Wine a également encouragé des illusions à l’égard des puissances impérialistes, notamment le Royaume-Uni et les États-Unis. Le mois dernier, Wine a remercié les États-Unis pour l'imposition de sanctions à la présidente du Parlement Anita Annet Among et à quatre autres responsables entachés de corruption et de violations des droits de l'homme. « Nous espérons que davantage d’individus et d’organisations responsables des souffrances de notre peuple seront sanctionnés », a-t-il déclaré. Wine a révélé qu'il avait fait pression pour que le Royaume-Uni sanctionne Among en avril.

Les puissances de l’OTAN ne sont pas les alliées des masses ougandaises. Elles ne défendent pas les droits de l’homme, mais se positionnent au cas où elles auraient besoin de retirer leur soutien à Museveni et à son fils, détestés.
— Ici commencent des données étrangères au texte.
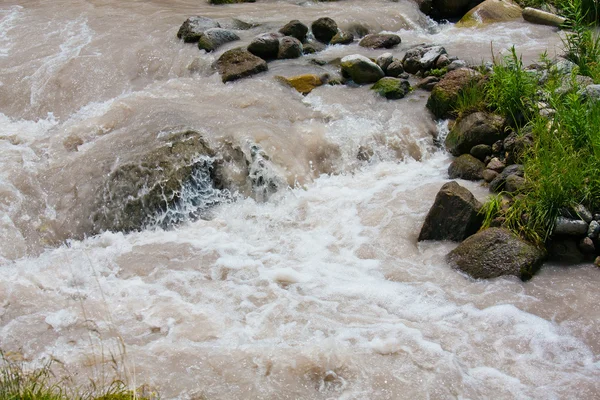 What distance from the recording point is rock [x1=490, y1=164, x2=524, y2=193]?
19.2 feet

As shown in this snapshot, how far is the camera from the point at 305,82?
8508 millimetres

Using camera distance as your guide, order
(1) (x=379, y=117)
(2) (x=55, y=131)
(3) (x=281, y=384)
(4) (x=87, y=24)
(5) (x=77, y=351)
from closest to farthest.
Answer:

Elles soutiennent actuellement un génocide contre les Palestiniens à Gaza, lié à des plans de nouveau partage militaire du monde et de ses ressources, centrés sur des préparatifs avancés de guerre avec la Russie, l’Iran et la Chine. En Europe de l’Est, elles arment le régime d’extrême droite de Kiev en Ukraine contre la Russie, ce qui pourrait entraîner une catastrophe nucléaire.

L’Ouganda et le Kenya sont embarqués dans les conflits géopolitiques qui s’aggravent entre les États-Unis et la Chine. Les élites dirigeantes en Ouganda, qu’il s’agisse de Museveni ou de Wine, sont incapables de résoudre les problèmes sociaux et démocratiques fondamentaux auxquels sont confrontées la classe ouvrière et les pauvres des campagnes.

Seul un mouvement politique indépendant de la classe ouvrière ougandaise, rassemblant les travailleurs ruraux pour renverser le régime bourgeois et établir un gouvernement des travailleurs et des masses rurales engagé dans une politique socialiste, peut résoudre les problèmes sociaux brûlants. Cela fait partie d’une lutte indissociable plus large pour le socialisme à travers l’Afrique et au niveau international, et de la construction d’une section ougandaise du Comité international de la Quatrième Internationale.